Even in the snows of January it never rains but it pours, Ruthie having unexpectedly inherited a run-down hotel from her grandmother and now making the decision whether to try and bring it up to mid-market standard and run it as a going concern or just to sell it as is, arriving with her girlfriend Cal and their friends Maddie and Fran to try and assess the situation and the work needed and make a decision.

Ruthie in a bad headspace, the reading of the will the first time in seven years she had seen her estranged mother, her relationship with Cal is already rocky, and while Maddie tells Cal that she thinks she would be better off alone Fran’s erratic and impulsive behaviour is also making things awkward, pining over Ruthie one moment then claiming she sees ghosts when she is knocked back.

Bad Things; Ruthie, Cal and Maddie (Gayle Rankin, Hari Nef and Rad Pereira) practice their frowning.

Drifting through the corridors and lobbies of the Comley Suites, Gayle Rankin, Hari Nef, Rad Pereira and Annabelle Dexter-Jones are Ruthie, Cal, Maddie and Fran, succumbing to the temptation of Bad Things, written and directed by Stewart Thorndike and also featuring Jared Abrahamson as Brian, the handyman who occasionally shows up hoping to find Ruthie’s mom in the hotel which boasts that only five guests have died in thirty years and The Breakfast Club’s Molly Ringwald as the internet marketing guru whose success Ruthie hopes to emulate.

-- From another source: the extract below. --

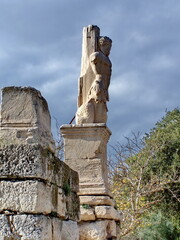 Ancient statue in an archaeological park in Athens, Greece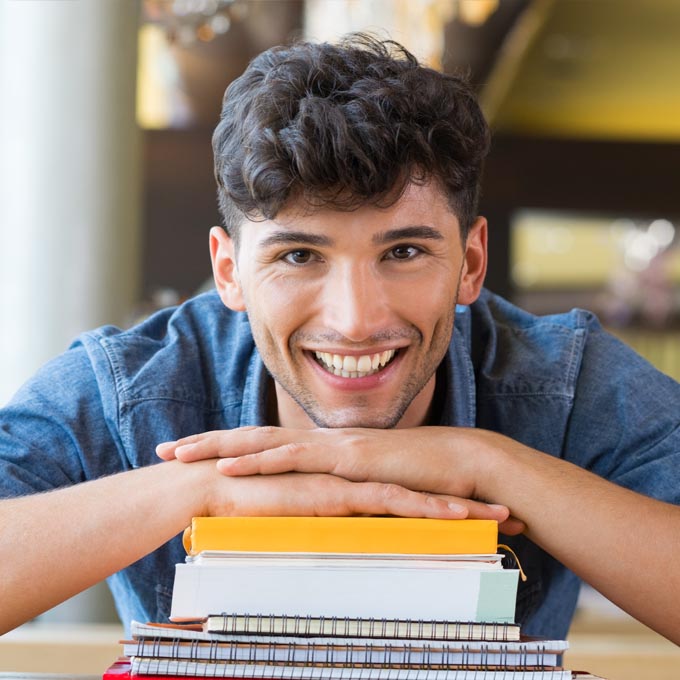 young male smiling with hands over books and spirals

Any resemblance to The Shining presumably intentional but largely superficial, with the sinister mystery of Suite 324 which Ruthie insists the others not enter, the breakfast room crowded by visitors from a bygone era who vanish in the blink of an eye and the twinned apparitions who lurk in the hallways, the drama comes less from the past of the hotel as the heavy baggage the visitors have brought with them, behaving more like unsupervised teenagers driven by hormones and grudges than supposedly responsible adults.

Bad Things; Brian (Jared Abrahamson) arrives with the apology fern.

With Ruthie manipulative, deceitful and bullying and Fran irrational, needy and prone to attention seeking, the four meander, mumble and bumble their way through the empty corridors of the hotel and the dead ends of their relationships, feeling less like the promised Bad Things and more like four people who arrived early making small talk while waiting for the main event to begin, positioned as a horror but playing more like a nineties arthouse film of ennui and disillusionment where even chainsaw killings seem as drab as the beige decor.

The discovery of a dead body somehow failing to shake things up, the women continuing to bicker and staying another night without calling the police, like The Resort this feels like an idea conceived around the availability of a filming location rather than a premise developed and honed, but even then the eerie potential of a space constructed for habitation now bereft of the human warmth which gives it purpose is squandered, the supposed isolation which discourages them from leaving belied by the busy road visible beyond the entrance.

Bad Things will be available on Shudder from Friday 18th August

Bad Things; Ruthie (Gayle Rankin) finds herself on the outside.